BREVARD COUNTY, Fla. – Antonio Lamar Giles, a 32-year-old convicted felon, would steal from Brevard County and sell the stolen items in Orange County, according to Agent Jeremy Benton, the Brevard County sheriff's deputy who eventually arrested Giles.
"If you don't want to get caught, go where people don't know you," Benton said.
Jewelry, gold especially, was disappearing from homes by the pound. From one house alone, $14,000 worth of jewelry was stolen.
"A lot of them were family heirlooms," Benton said.
Benton said the M.O. was the same: the thief would knock on the door and when no one answered, kick in the door, ransack the house and leave with jewelry, electronics, even a gun.
Windover Farms in Titusville, directly across the street from the Brevard County Sheriff's Office North Precinct, was targeted.
"Right up the road, we spoke to a lady who thought she wouldn't get anything back," Benton said.
He was not hopeful either. Most jewelry cannot be easily identified or tracked because most people don't take pictures of it or place unique markings on it, Benton said.
Pawn shops are required by law to record serial numbers of all items taken in -- if they have visible serial numbers -- and enter them into a statewide database.
Only a few of the homeowners who'd been burglarized had kept proof of their serial numbers; most don't keep track of them, Benton said. He entered those into the statewide database.
One day last month, he got a hit.
An Xbox game console that had been stolen from Brevard County had been sold at a pawn shop in Orange County.

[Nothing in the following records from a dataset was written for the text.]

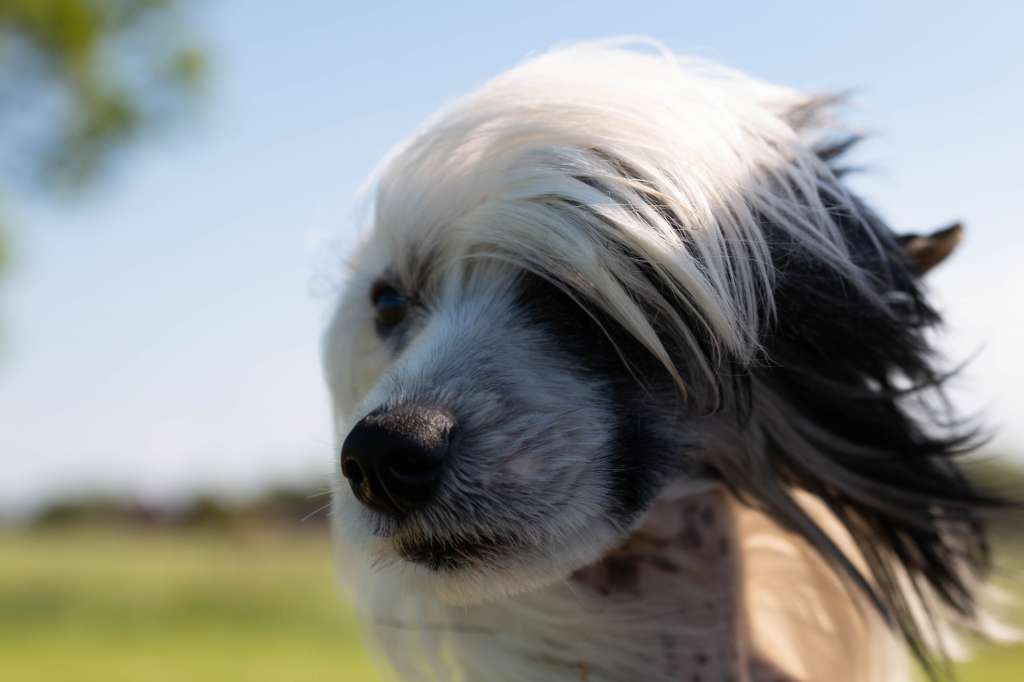 Happy  Z Valdorfskych lesu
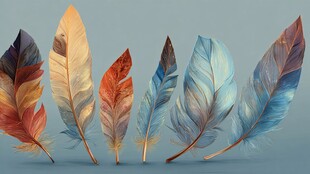 多彩羽毛 轻盈梦幻的艺术呈现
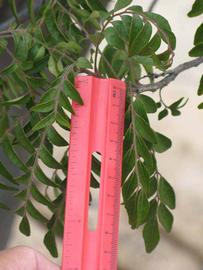            Compound leaf (Riverside, CA)   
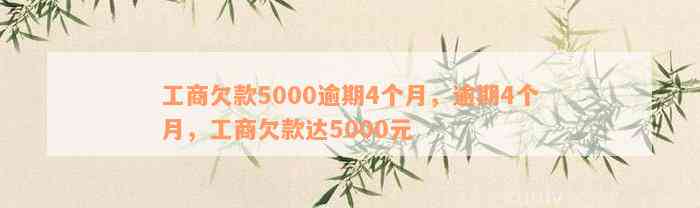 工商欠款5000逾期4个月，逾期4个月，工商欠款达5000元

Benton traveled to the pawn shop and discovered the same person who'd sold the game console to the pawn shop had sold dozens of items more than 20 times in one month.
Benton said the person was Antonio Giles.
"It's really what broke the case open because a lot of these items, especially jewelry, is really hard to track," Benton said.
Benton then spent countless hours over the next few weeks driving back and forth between Orange and Brevard counties and to victims' homes to cross-reference the stolen jewelry and electronics.
He was able to build a case that put Giles in jail facing charges for several burglaries. Detectives from other agencies are working to connect Giles with other burglaries.
Benton returned most of the stolen items to the victims -- one woman in particular.
"As soon as I showed her those photographs, her face lit up," Benton said. "I immediately knew without her saying anything that these items were hers, and she was shocked because she thought she'd never get them back."
Giles is in jail held on $170,000 bond.
Benton said recording serial numbers or etching unique numbers or markings onto jewelry is key to recovering it if it is ever stolen.
Benton said etching your driver's license number onto a personal belonging makes it easily identifiable by any law enforcement officer anywhere.
The stolen gun was never recovered. Benton believes it was sold on the street.